The funniest part about public and civil servants is how they rear up in horror when they see someone with a camera. They are perfectly fine filming you, a citizen, from every possible angle, but act as though they have been assaulted when you film them with one measly camera. Auditors like to mock cops for this, saying, “Don’t worry, officer, we won’t hurt you with our cameras; you don’t have to be afraid.”
  Cops typically reply, “We know that – we have our body cams too,” which shows they don’t get it.
  “That’s the point, dumbass,” an auditor will fire back. “Why are you so afraid of our cameras?”

Some public servants behave well and do the right thing, but badly behaved tyrants heavily outnumber them.

 

Scene of the crime

Auditors will usually revisit a public building where Karens and Darrens tyrannized them to see if the culprits have learned any lessons. Supporting each other, they bring friends to do a group audit of such places. Usually, there are no signs of the tyrants, who have gone scurrying off to hide in back rooms. Yes, they are that pathetic. Auditors will put their cameras right up to windows on doors to see the cowards skulking about, looking guilty. Some public servants draw blinds on all windows, but auditors may find a nook or cranny to spy them through. The imps can be seen giggling about how they foiled the auditors while, mind, hundreds of people watch them on a live feed, commenting about how absurd they are.

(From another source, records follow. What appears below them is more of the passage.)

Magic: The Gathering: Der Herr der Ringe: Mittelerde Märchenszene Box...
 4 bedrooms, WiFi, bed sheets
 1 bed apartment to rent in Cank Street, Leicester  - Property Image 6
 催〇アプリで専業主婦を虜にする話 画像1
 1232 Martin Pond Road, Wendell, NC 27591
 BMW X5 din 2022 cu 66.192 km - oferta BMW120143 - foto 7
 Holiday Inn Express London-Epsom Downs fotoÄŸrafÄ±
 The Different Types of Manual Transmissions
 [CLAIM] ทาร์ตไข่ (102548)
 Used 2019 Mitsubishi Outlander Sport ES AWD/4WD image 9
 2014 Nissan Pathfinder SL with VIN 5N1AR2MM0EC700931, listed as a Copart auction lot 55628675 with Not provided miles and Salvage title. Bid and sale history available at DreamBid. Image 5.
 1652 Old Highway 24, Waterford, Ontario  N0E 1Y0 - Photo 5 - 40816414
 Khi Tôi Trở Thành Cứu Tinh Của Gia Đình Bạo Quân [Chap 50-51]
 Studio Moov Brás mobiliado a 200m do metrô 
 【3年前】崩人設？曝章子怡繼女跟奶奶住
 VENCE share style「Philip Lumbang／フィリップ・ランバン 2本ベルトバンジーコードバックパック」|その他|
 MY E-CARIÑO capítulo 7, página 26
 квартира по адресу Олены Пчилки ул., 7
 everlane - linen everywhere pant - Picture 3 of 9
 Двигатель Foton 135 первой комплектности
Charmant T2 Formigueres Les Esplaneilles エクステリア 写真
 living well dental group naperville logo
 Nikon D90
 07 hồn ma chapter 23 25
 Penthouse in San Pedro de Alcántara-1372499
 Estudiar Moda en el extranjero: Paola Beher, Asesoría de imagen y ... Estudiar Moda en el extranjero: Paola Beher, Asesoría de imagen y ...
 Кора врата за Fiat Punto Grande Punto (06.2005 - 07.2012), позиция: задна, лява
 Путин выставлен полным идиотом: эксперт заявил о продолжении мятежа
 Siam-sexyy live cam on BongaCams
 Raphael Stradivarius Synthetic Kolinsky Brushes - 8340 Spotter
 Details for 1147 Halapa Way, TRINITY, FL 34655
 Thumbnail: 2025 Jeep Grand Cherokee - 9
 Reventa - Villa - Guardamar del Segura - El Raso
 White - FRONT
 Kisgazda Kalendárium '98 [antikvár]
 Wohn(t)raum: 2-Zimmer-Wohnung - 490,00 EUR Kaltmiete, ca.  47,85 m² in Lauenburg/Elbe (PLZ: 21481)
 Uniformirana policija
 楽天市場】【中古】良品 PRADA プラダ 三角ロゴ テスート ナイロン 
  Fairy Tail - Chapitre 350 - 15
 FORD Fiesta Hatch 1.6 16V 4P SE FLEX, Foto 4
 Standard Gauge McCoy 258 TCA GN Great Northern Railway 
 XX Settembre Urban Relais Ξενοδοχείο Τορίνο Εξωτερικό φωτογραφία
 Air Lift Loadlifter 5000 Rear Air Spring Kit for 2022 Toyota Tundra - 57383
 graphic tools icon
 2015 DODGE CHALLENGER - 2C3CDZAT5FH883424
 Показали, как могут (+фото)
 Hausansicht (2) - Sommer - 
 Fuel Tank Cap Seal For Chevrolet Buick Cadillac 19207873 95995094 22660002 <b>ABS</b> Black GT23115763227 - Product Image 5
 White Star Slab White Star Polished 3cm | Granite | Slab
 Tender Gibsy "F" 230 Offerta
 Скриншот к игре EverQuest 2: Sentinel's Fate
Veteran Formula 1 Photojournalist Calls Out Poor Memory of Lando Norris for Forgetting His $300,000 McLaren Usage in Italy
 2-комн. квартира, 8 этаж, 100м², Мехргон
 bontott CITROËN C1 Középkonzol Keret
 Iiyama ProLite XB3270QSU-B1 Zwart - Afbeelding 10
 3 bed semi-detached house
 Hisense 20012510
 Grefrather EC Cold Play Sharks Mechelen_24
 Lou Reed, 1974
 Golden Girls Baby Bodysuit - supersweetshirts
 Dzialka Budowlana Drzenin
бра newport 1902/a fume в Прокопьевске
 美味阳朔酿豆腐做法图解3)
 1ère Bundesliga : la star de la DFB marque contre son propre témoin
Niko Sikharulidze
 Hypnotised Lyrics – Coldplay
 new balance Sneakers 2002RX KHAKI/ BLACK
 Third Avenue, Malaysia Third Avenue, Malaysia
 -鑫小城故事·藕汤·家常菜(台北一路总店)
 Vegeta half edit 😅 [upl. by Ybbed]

How long will it take the fools to realize that their bad behavior can now be displayed live for all to see? When will they comprehend they must serve their public, discover manners and show some respect to those who pay their wages? When will their wild spending be curbed? How long will we let them buy palaces in which to loaf around or luxury vehicles they can neglect? How much longer will cops drive untagged cars, park wherever they like, get in the way of drivers, and break traffic rules for trivial reasons? How many years will large groups of cops be allowed to stand around gawking for hours, wasting taxpayers’ money, for petty reasons?

In the meantime, it is great to know that there is a growing army of auditors out there who continue taking public and civil servants to task. Below are some auditors I have watched, with an appraisal about each. I place these in the order that impressed me most, but they all do important work and should form more alliances. Looking at the effect these guys have had already, I think this kind of auditing will rise to a level not imagined by most today. It is early days for them, and society will remember them as the pioneers. I could have included many others if I was writing a book, but you know who you are.

 

Jason Gutterman Amagansett Press

 

Amagansett Press

Jason Gutterman from New York has been auditing for some years. His YouTube channel Amagansett Press has a quarter of a million subscribers. A short man with a graying orange beard and a shaved head, Jason travels all around the US auditing post offices, police stations, health departments, and sometimes police when they pull drivers over. Though a polite and well-spoken conservative, he is fierce when bullied. Perhaps Jason was a honey badger in his last life, as the man will take on anyone, including gangs of terrorists, cops, or Karens. He carries a holstered sidearm for security, but only in case of emergencies, and never shows it on camera. Jason’s camera and gun trigger some people, so I guess he’s a first and second amendment auditor.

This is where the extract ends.